Your job is to give again, exactly and with no additions, the lines in the records below from the one with "Evolution du taux" through the one with "Матрас Гласпер 120x200", both included. Omit the pictures.

Material for this exercise
╔══

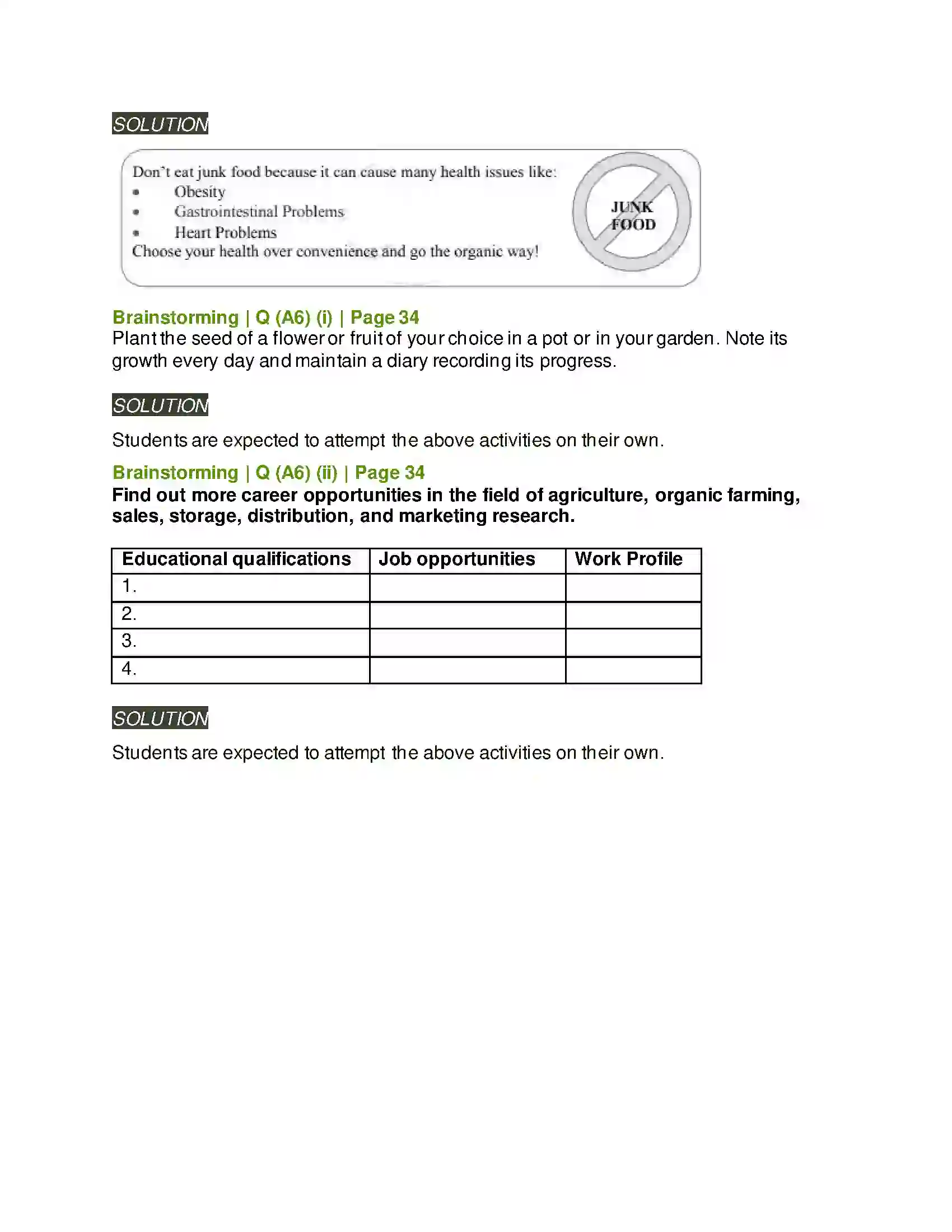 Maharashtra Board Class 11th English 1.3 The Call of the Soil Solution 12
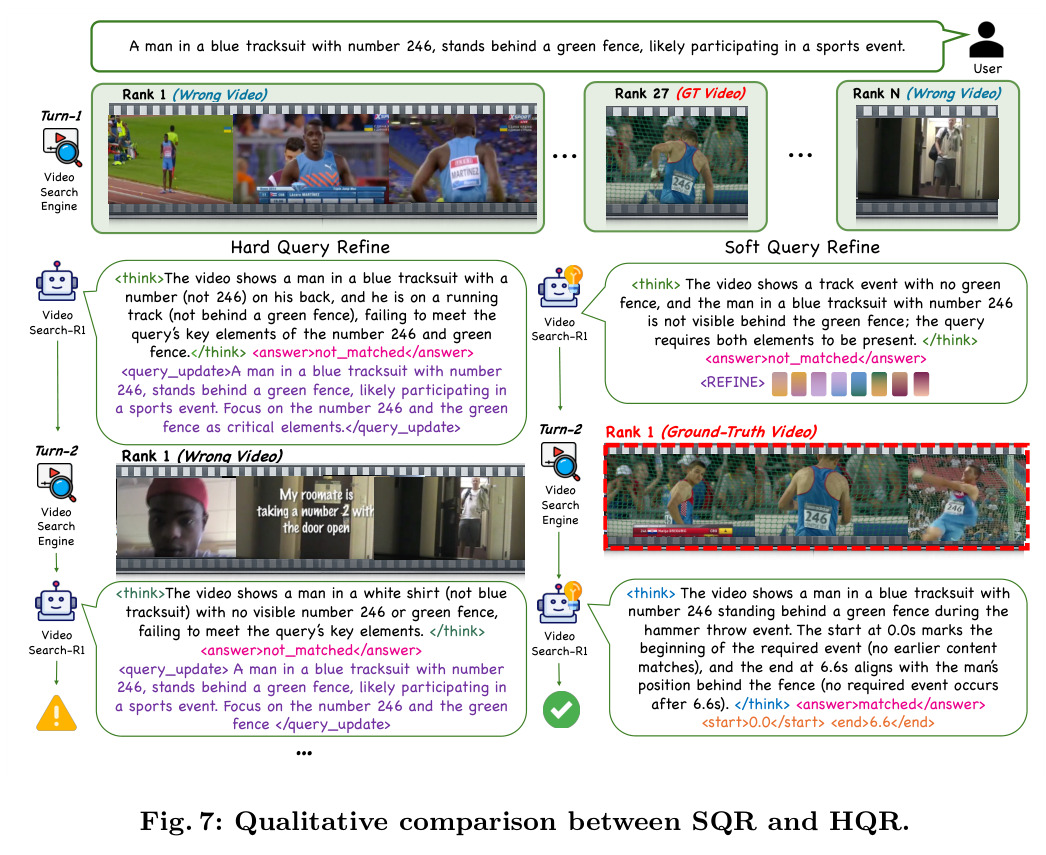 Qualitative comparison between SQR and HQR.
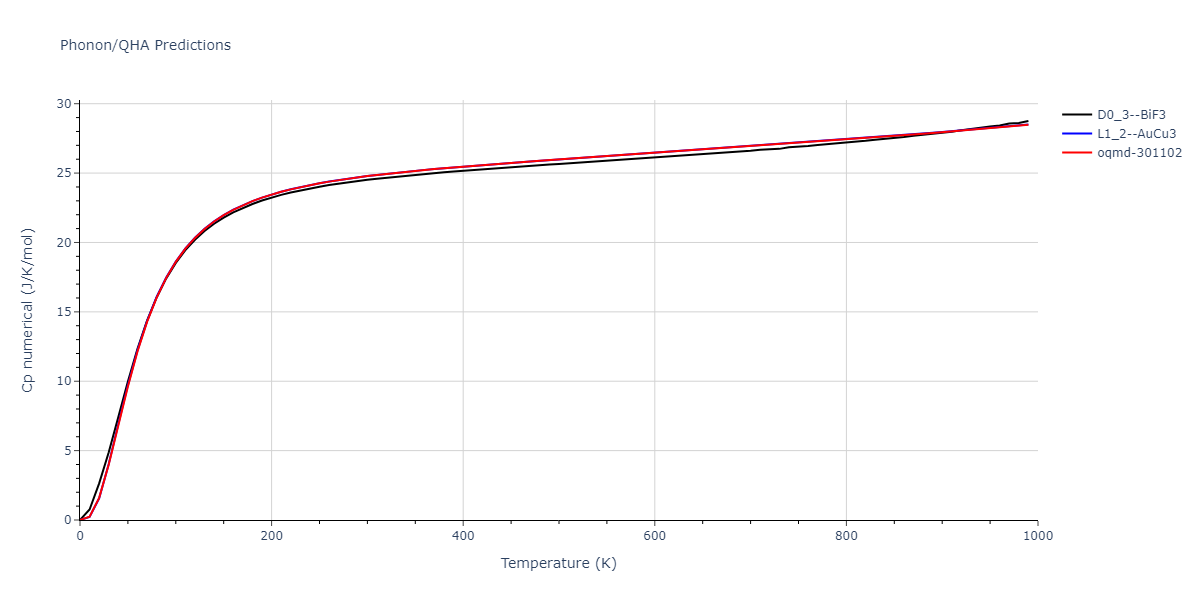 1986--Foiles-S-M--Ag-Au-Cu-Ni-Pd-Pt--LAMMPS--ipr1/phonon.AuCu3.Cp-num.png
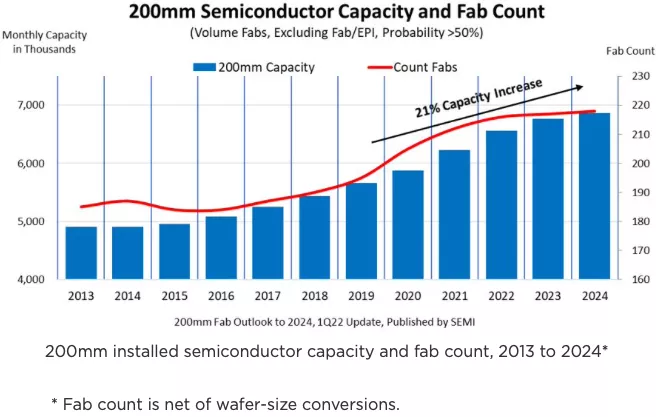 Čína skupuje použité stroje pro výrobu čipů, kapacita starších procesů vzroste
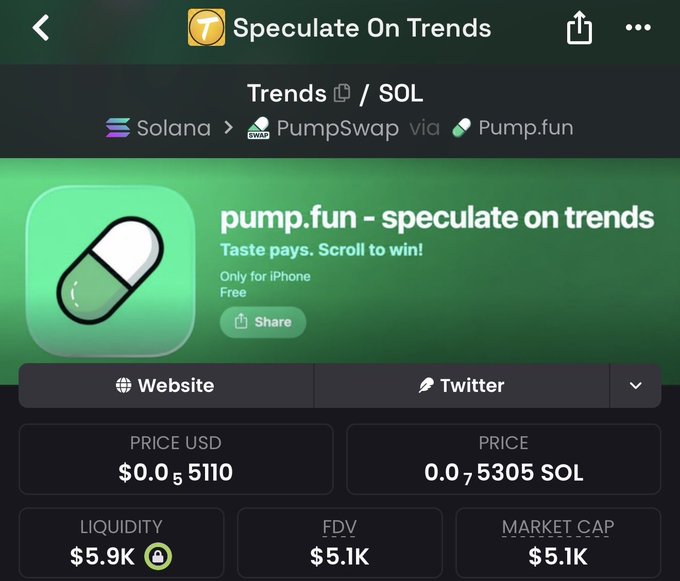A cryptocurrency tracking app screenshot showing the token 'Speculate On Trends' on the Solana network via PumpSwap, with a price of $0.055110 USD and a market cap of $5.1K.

╚══
╔══

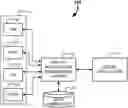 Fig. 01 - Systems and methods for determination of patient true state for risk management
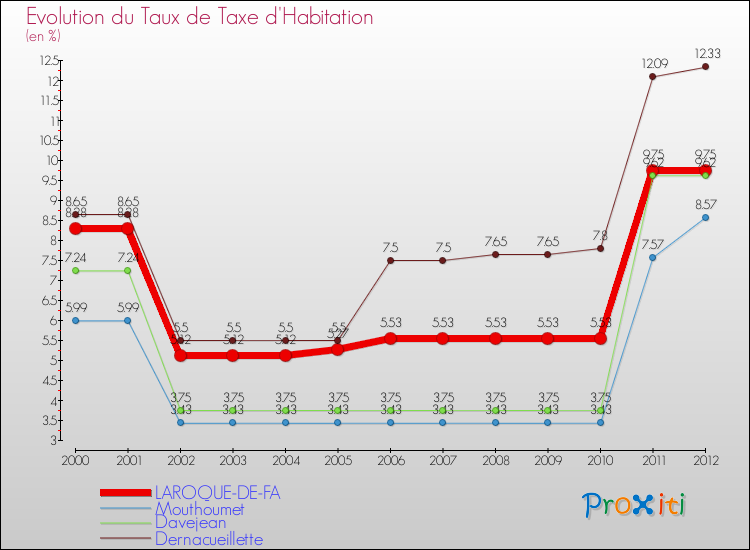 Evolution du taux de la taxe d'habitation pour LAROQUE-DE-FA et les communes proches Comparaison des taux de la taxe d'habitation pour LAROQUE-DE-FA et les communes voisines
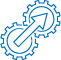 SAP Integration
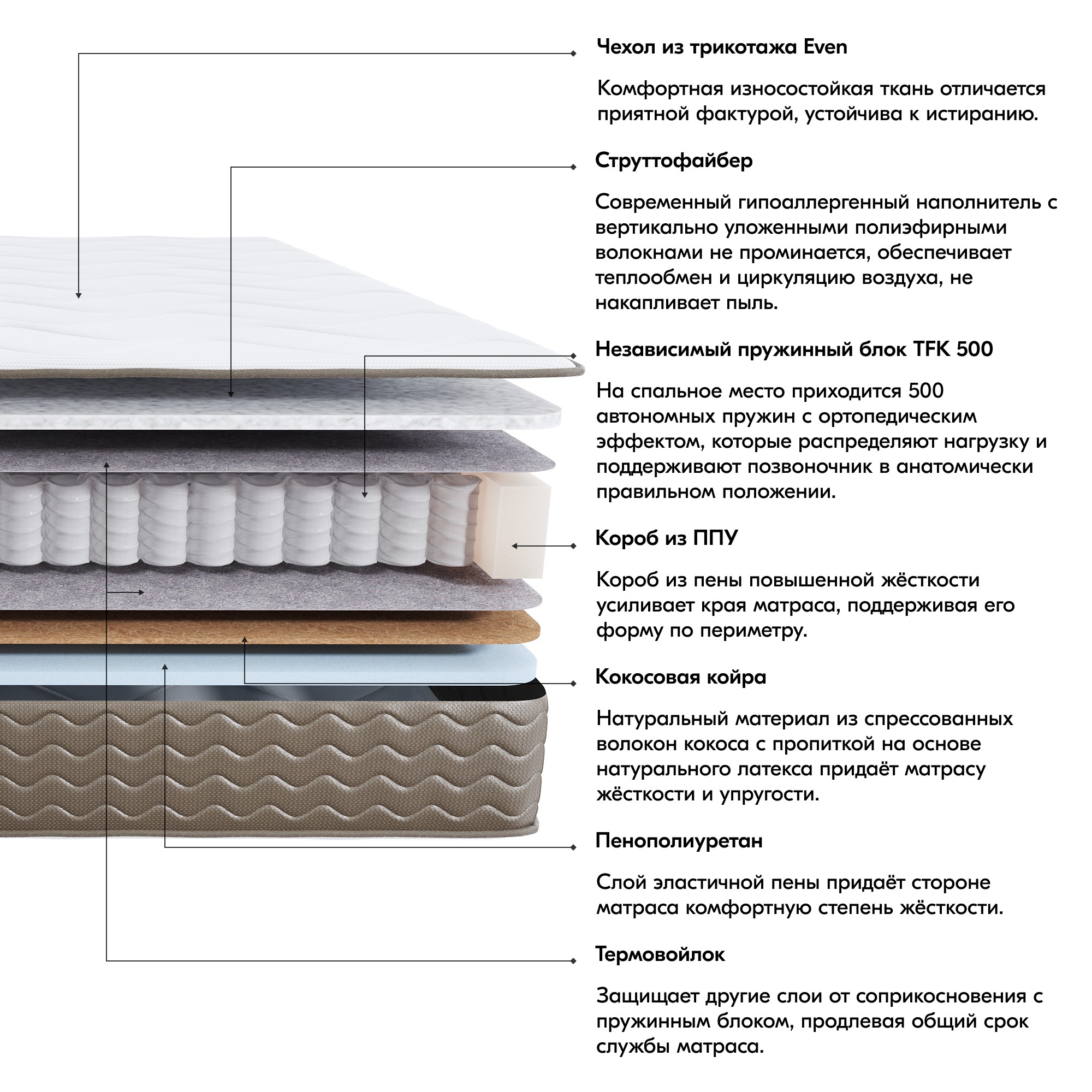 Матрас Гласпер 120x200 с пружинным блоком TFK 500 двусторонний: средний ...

╚══
╔══

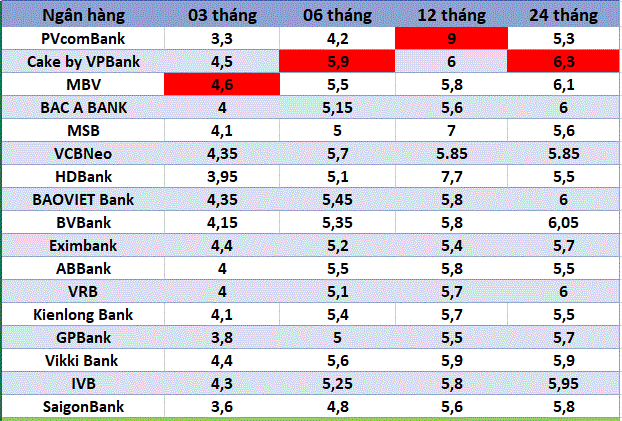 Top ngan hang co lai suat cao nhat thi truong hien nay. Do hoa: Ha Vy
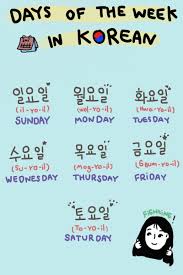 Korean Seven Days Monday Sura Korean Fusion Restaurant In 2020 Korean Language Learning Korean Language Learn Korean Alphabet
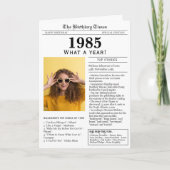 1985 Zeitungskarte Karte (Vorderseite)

╚══

The completed task
 Evolution du taux de la taxe d'habitation pour LAROQUE-DE-FA et les communes proches Comparaison des taux de la taxe d'habitation pour LAROQUE-DE-FA et les communes voisines
 SAP Integration
 Матрас Гласпер 120x200 с пружинным блоком TFK 500 двусторонний: средний ...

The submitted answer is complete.